**The problem**.
Reproduce the material below line by line, beginning with its first line and ending with the line that contains "스페인 엘 코테 잉글스"; leave out pictures.

**Extracted data**.
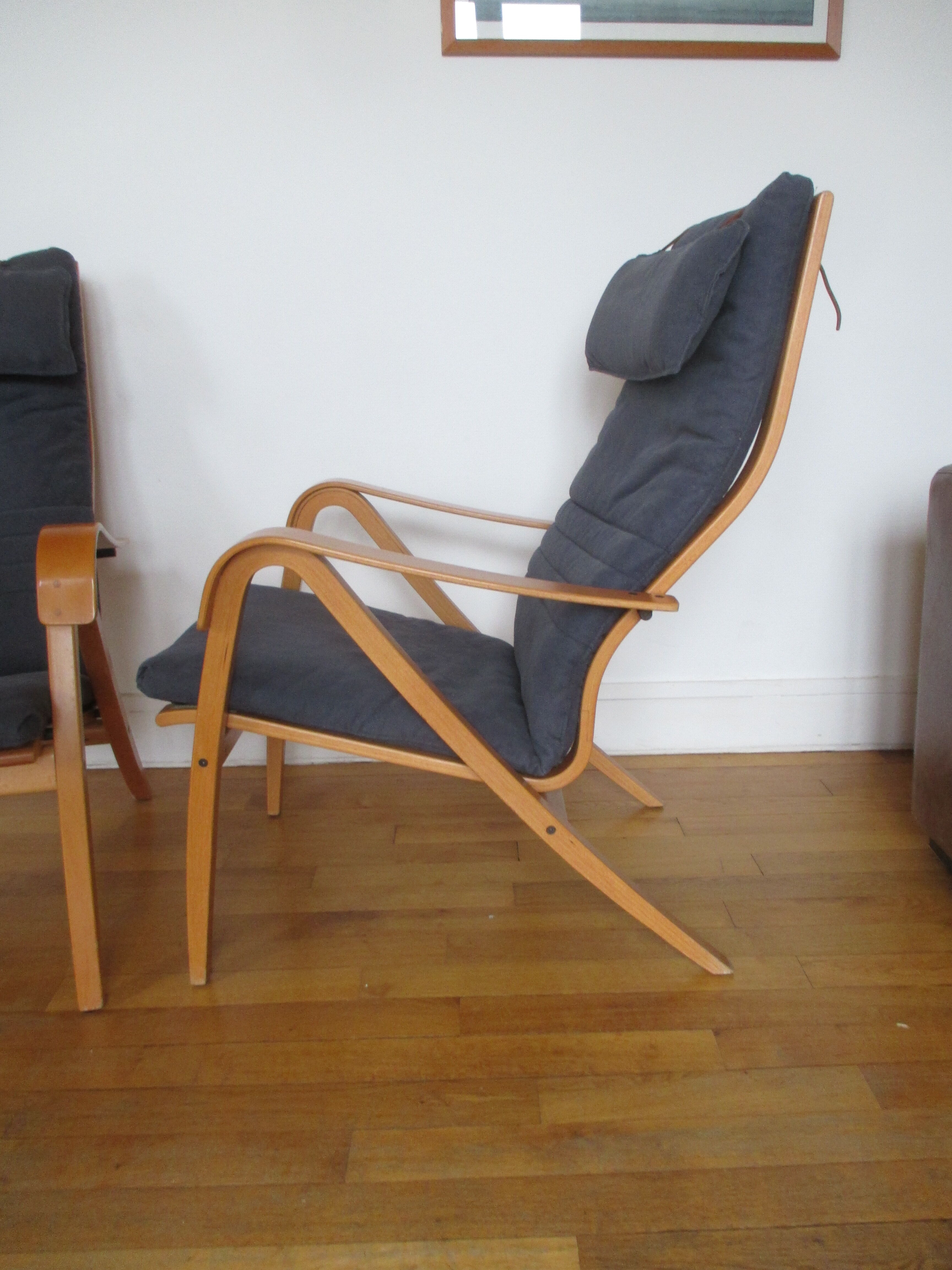 Paire de fauteuils Rimbo Ikéa vintage  Simo Heikkila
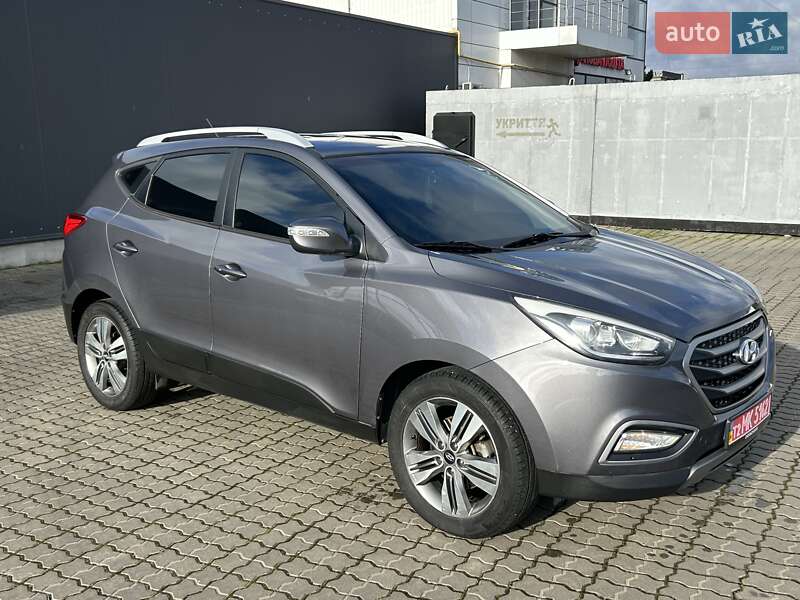 Внедорожник / Кроссовер Hyundai ix35 2013 в Одессе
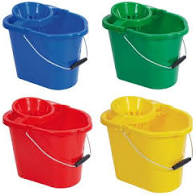 Mop Bucket 12Ltr ( Choose Colour) - Able Cleaning & Hygiene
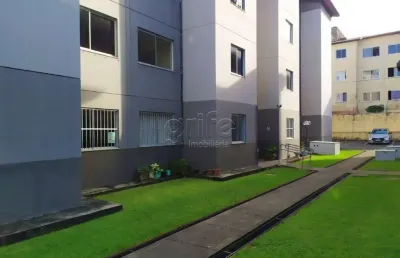 Apartamento com 2 quartos à venda na via paisagistica, 6, itaperi, fortaleza por r$ 140.000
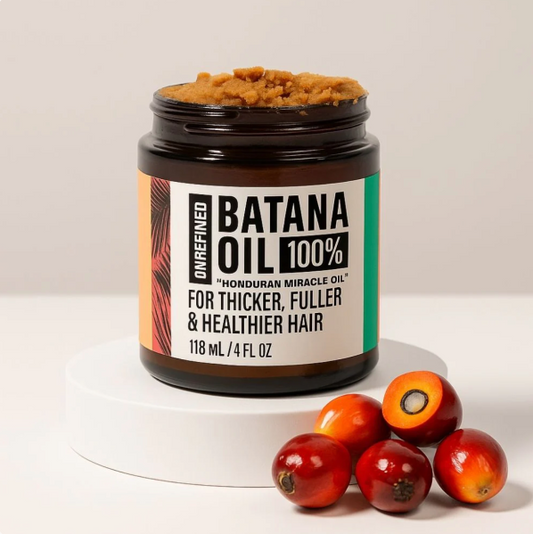 😍Pure Batana - Boostez la croissance de vos cheveux en quelque semaines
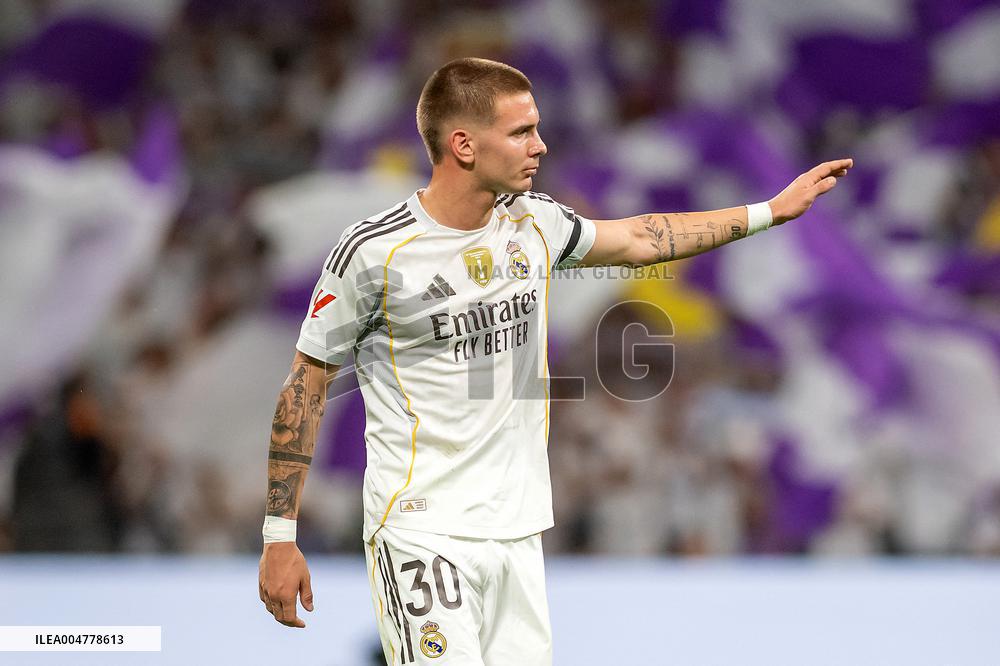 La Liga - Real Madrid v Villarreal Match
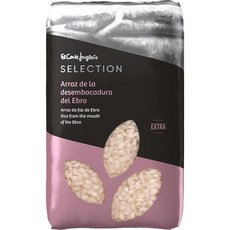 스페인 엘 코테 잉글스 셀렉션 EL CORTE INGLES SELECTION arroz rice 엑스트라 둥근 쌀, 6개, 1kg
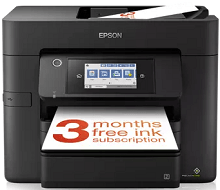 Drivrutin för Epson WorkForce Pro WF-4830DTWF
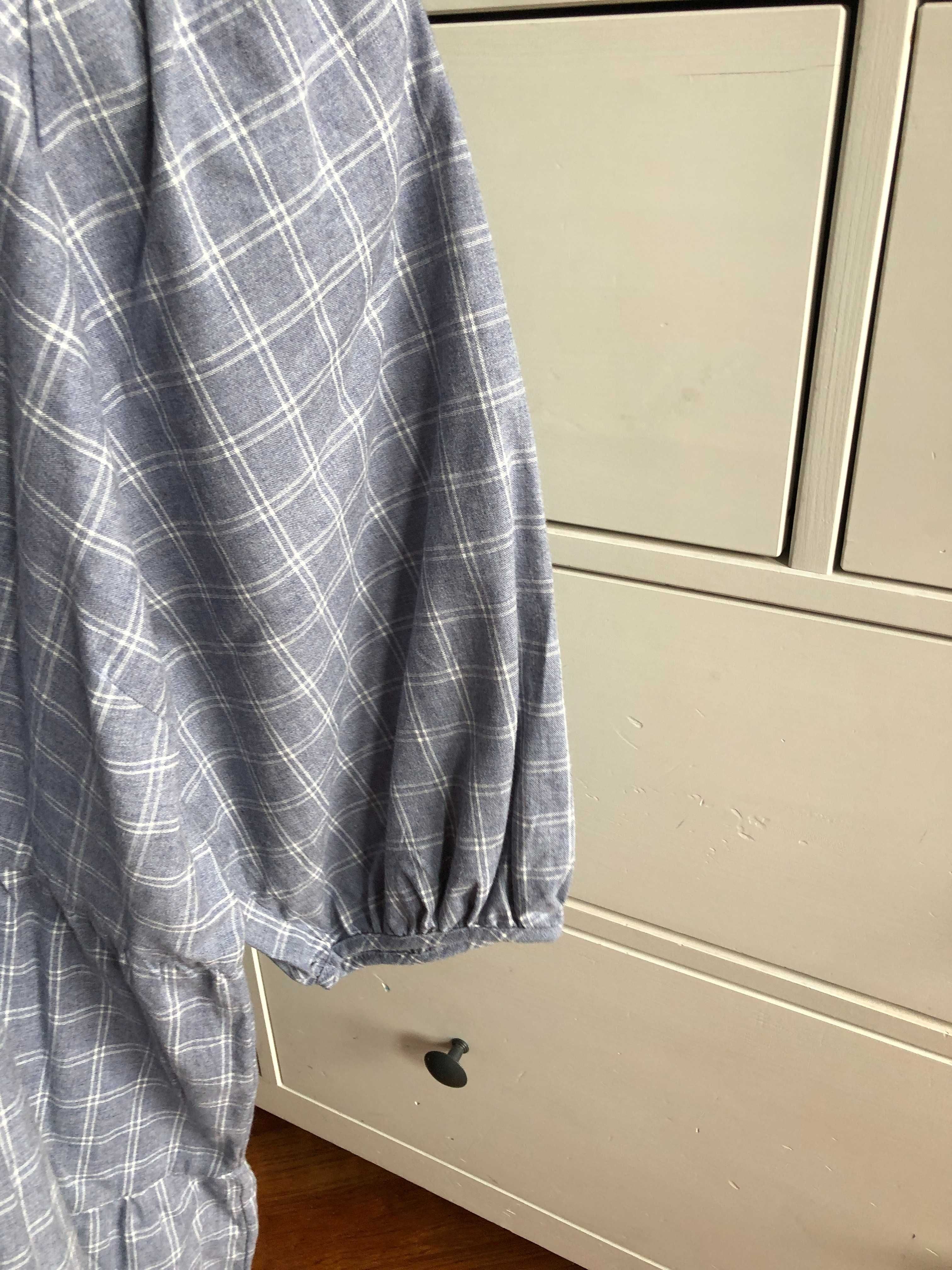 Sukienka 44 Sukienka XXL sukienka plus size 44 bawełniana sukienka XXL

**Written answer**.
 Paire de fauteuils Rimbo Ikéa vintage  Simo Heikkila
 Внедорожник / Кроссовер Hyundai ix35 2013 в Одессе
 Mop Bucket 12Ltr ( Choose Colour) - Able Cleaning & Hygiene
 Apartamento com 2 quartos à venda na via paisagistica, 6, itaperi, fortaleza por r$ 140.000
 😍Pure Batana - Boostez la croissance de vos cheveux en quelque semaines
 La Liga - Real Madrid v Villarreal Match
 스페인 엘 코테 잉글스 셀렉션 EL CORTE INGLES SELECTION arroz rice 엑스트라 둥근 쌀, 6개, 1kg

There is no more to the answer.